Hicks jailed for nine months
An Australian who pleaded guilty to supporting terrorism was sentenced to nine months in prison after becoming the first detainee convicted by military tribunals at Guantanamo Bay.
A panel of military officers recommended a sentence of seven years after two hours of deliberations, but a plea agreement that had been kept secret from the panel members capped Hicks’ sentence at nine months.
Hicks, a 31-year-old kangaroo skinner, appeared relieved as the judge, Marine Corps Col. Ralph Kohlmann, disclosed the agreement. Asked if the outcome was what he was told to expect, Hicks said, “Yes, it was.”
The United States had agreed to let Hicks serve his sentence in Australia, and he is to leave the US military prison at Guantanamo Bay in Cuba within 60 days under the plea agreement.
But today his father, Terry Hicks, said the leniency of his son’s prison sentence imposed by a US military commission at Guantanamo Bay proved the weakness of the prosecution’s case.
Prime Minister John Howard said the verdict vindicated what his government had said – that Hicks, an Australian, was a dangerous terrorist.
“The bottom line will always be that he pleaded guilty to knowingly assisting a terrorist organisation,” Howard said.
“He’s acknowledged the prosecution could have proved that beyond a reasonable doubt,” he added.
Howard also rejected Mr Hicks’ argument that the plea bargain to end his son’s trial proved the prosecution case was weak.
Mr Hicks had questioned why the US prosecution agreed to a nine-month prison term in return for a guilty plea rather than pursue a trial and the 20-year prison sentence they claimed his son deserved.

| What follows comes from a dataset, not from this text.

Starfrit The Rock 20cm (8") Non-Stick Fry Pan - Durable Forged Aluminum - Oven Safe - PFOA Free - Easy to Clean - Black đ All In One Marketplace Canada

“It’s quite amazing that for five years the government and the Americans have been touting David as the worst of the worst and he gets nine months,” Mr Hicks said.

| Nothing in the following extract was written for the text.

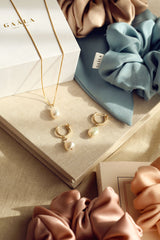 Florence Pearl Earrings Gift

“Something’s not right. It shows how weak the evidence is in this charade,” he added.
His son is to serve the sentence in a prison in his hometown of Adelaide after admitting he aided al Qaida in a plea deal that required him to state he had never been illegally treated during his five years in US custody.

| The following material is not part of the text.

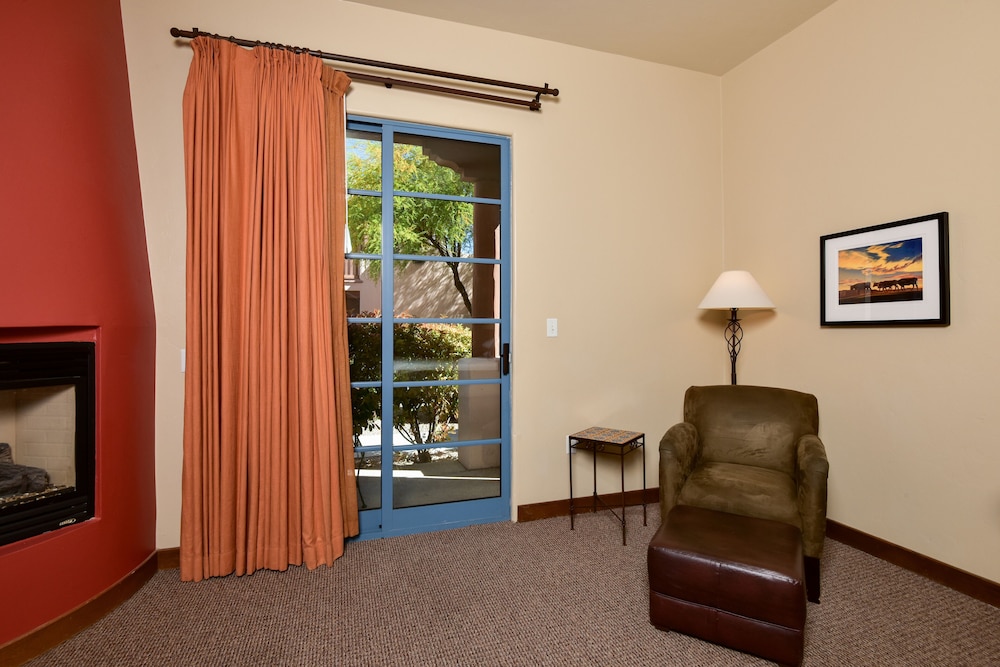 Deluxe Room, 2 Queen Beds, Fireplace - Photo 5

But Mr Hicks vowed to pursue his allegations that his son was sexually abused and tortured both physically and mentally by Americans after being captured during an attempt to flee Afghanistan in December 2001.
“I’m not going to let this lie just because David’s been forced into a situation where he has to sign a waiver,” the father said.
The allegations are contained in an affidavit before a London court in which David Hicks had been seeking British citizenship as a means of securing British government support for his release from Guantanamo Bay. Mr Hicks said he did not know if that court action would now continue.
Foreign Minister Alexander Downer said two US military investigations had already failed to find evidence substantiating Hicks’ abuse allegations.
Mr Hicks, a vocal critic of the US military commission system, described his son as “a Taliban foot soldier” but not a terrorist.
Howard, a staunch ally in the US-led fight against terrorism, has long rejected pressure for Hicks to be repatriated, despite condemnations of the military commission system by legal and human rights groups.
Mr Hicks said he had no doubt that a 12-month ban on his son, a Muslim convert, talking to the media – a condition of his plea bargain – was designed to spare Howard embarrassment as he seeks his fifth three-year term as prime minister at elections due late this year.
Howard denied any government interference in the sentence.